Querying tree structure in db

Kiyote

Brief background:

We store the client location structure in an organization table. (I'm going to strip it of its technical nicities in order to be brief.)

LocationId

Name

ParentLocationId

Now, this is all basically a nice tree structure, but this is, of course, incredibly hard to query against to find the list of locations at and below a given point in the tree.

Our current solution was to add a LocationKey field, which is a string composed of a separated list of Ids of every location above you.

For example:

Location A, Location B, Location C, each are children in order from left to right.

A is the parent of B is the parent of C.

So, the LocationKey for A is "A".

The LocationKey for B is "A.B"

The LocationKey for C is "A.B.C"

This way, if we want to find each and every location at and below a location, we simply do:

"SELECT * FROM LOCATION WHERE LOCATION_KEY LIKE '(some location's key)%'"

If you want to find every location *below* you (not at and below) you just add a "." to the like clause. '(some key).%'

So, is there a better way to do this? We have found it to be quite fast, but perhaps we're missing something obvious? We can't possibly be the only ones trying to store trees in a table, but there is remarkbly little information out on the 'net about the concept.

lpope187

If you are using SQL Server 2005 you can use CTEs (Common Table Expressions) to accomplish outputting hierarchies. I know Oracle has a similar method, but I don't remember the syntax. I'd search the documentation for recursive querying for the database your using - if it has a similar feature you should get close.

rdrunner

Hello...

I have some questions...

1. Which language are you developing in?

-> Is it .Net?

2. Is it resonable to keep the "Locations" all in a client as a lookup table?

-> If 2 times "Yes..."

Take a look at recursively navigating a relation you add to a Dataset. It makes querries like this on the CLIENT "quite easy". Look at the Datarow.getChildRows function there...
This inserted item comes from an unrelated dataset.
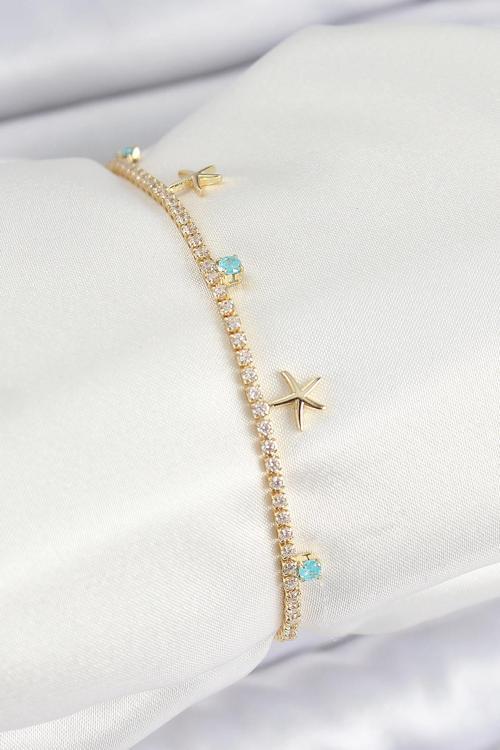 Pirinç Zirkon Taşlı Deniz Yıldızı Model Gold Renk Kadın Bilekilk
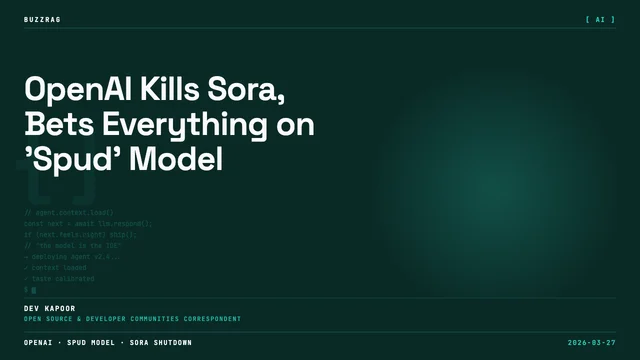 OpenAI logo with "NEW SPUD MODEL" text in yellow boxes on black background, person with surprised expression on right side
3. If you want to do this on a server... Which DB are you using(answer differs by a lot depending on DB)?

SQL Server 2000:

Write a SP to perform those querries.

1. Select the "root" node you need into a table variable. Add a "Level" integer to the row

2. while your last querry returned any rows and "@Level < 100" (optional parameter = MaxLevels)
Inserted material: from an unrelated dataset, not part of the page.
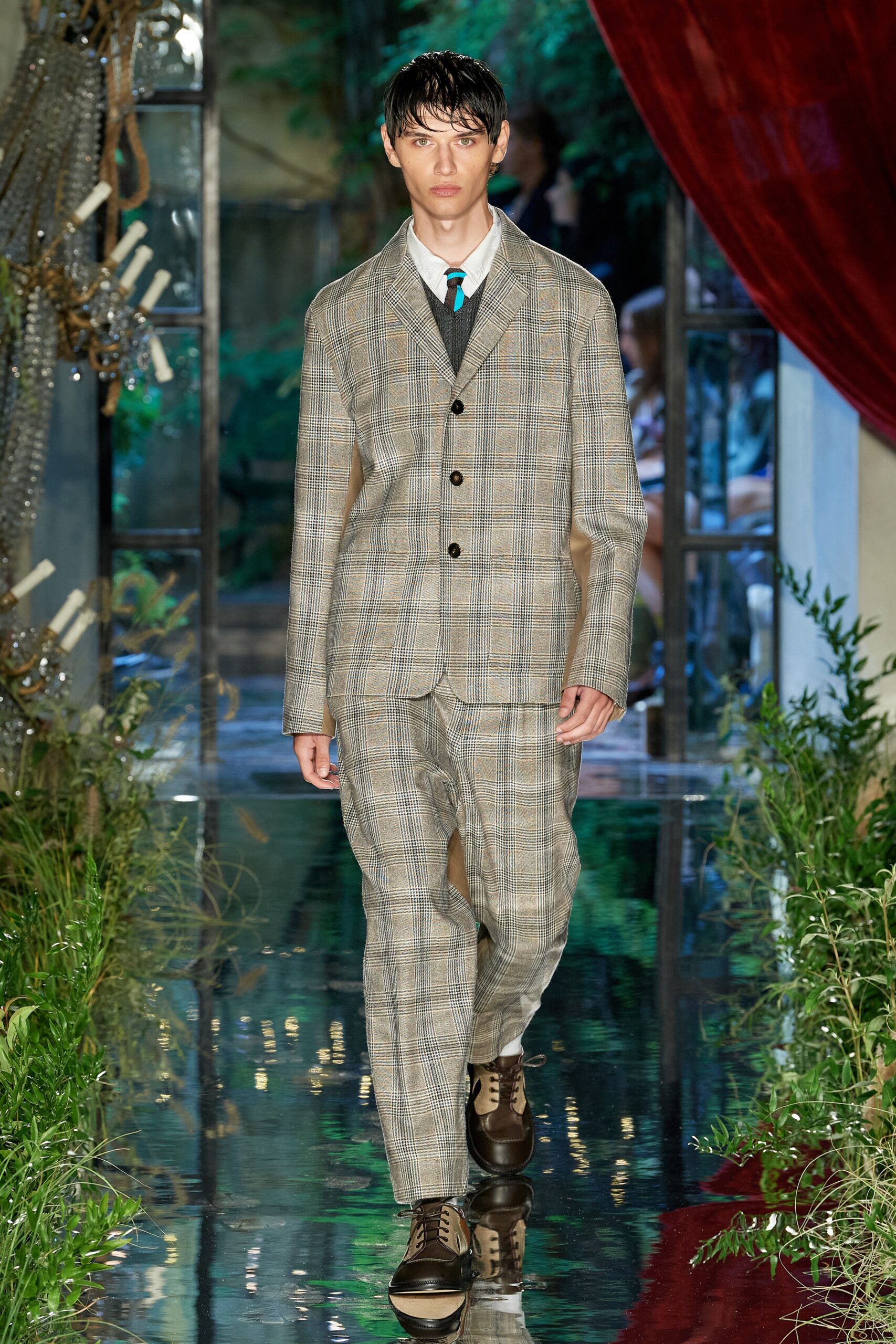 beige checked tailored suit
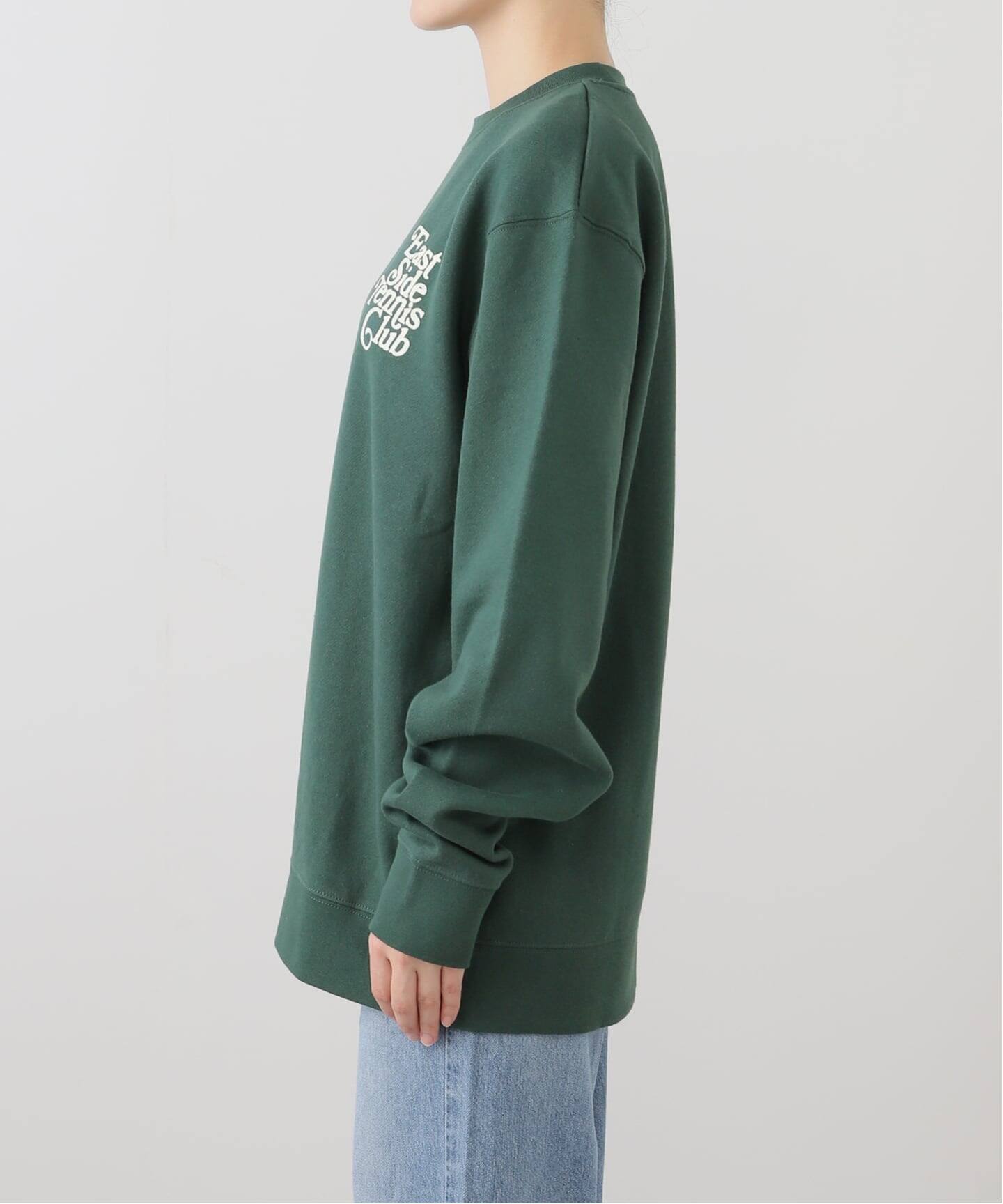 美品✨ミューズドゥーズィエムクラス ヴィンテージ加工スウェット グリーン EAST SIDE TENNIS CLUB/イーストサイド テニス クラブ】クルー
set @Level = Level + 1 //Important... If you change this after the querry, your @@Rowcount will be reset to 1 and you get 100 itterations

SELECT * FROM LOCATION WHERE parentLocationID in (select id from @MyTmpTable where level = @Level -1)

SQL Server 2005:

Take a look at BOL at the CTE like already suggested. They are perfect for recursive querries...

Oracle:

Take a look at the "connect by" clause that is supported by oracle

Hope this helps...

P.s. If you need "real" Code for any example let me know... Currently I dont have any DB/Development Stuff on my box... fighting with Vista RC2... Damn... This feels so "naked" :D

SilverDirk

So wierd... I was just hopping on TDWTF forums to ask this very question.

The best I had come up with so far was to define the record mostly as you had, and use a WTFish query to pull it in. (thus the idea to ask on TDWTF forums, heh)

create table Linkage (
  ParentID integer,
  ChildID integer
);

create table DataTable {
   ID integer,
   // etc
   // etc
);

select L0.ParentID as ParentID, {data fields}
from Linkage L0 left join DataTable d on d.ID = L0.ChildID
where L0.ParentID = {Root}
union all
select L1.ParentID as ParentID, {data fields}
from Linkage L0 left join Linkage L1 on L1.ParentID = L0.ChildID left join DataTable d on d.ID = L1.ChildID
where L0.ParentID = {Root}
union all
...
select L5.ParentID as ParentID, {data fields}
from Linkage L0 ......
...

I generate the query in a loop for as many levels of hierarchy as I need. Its ugly, but seems to work ok.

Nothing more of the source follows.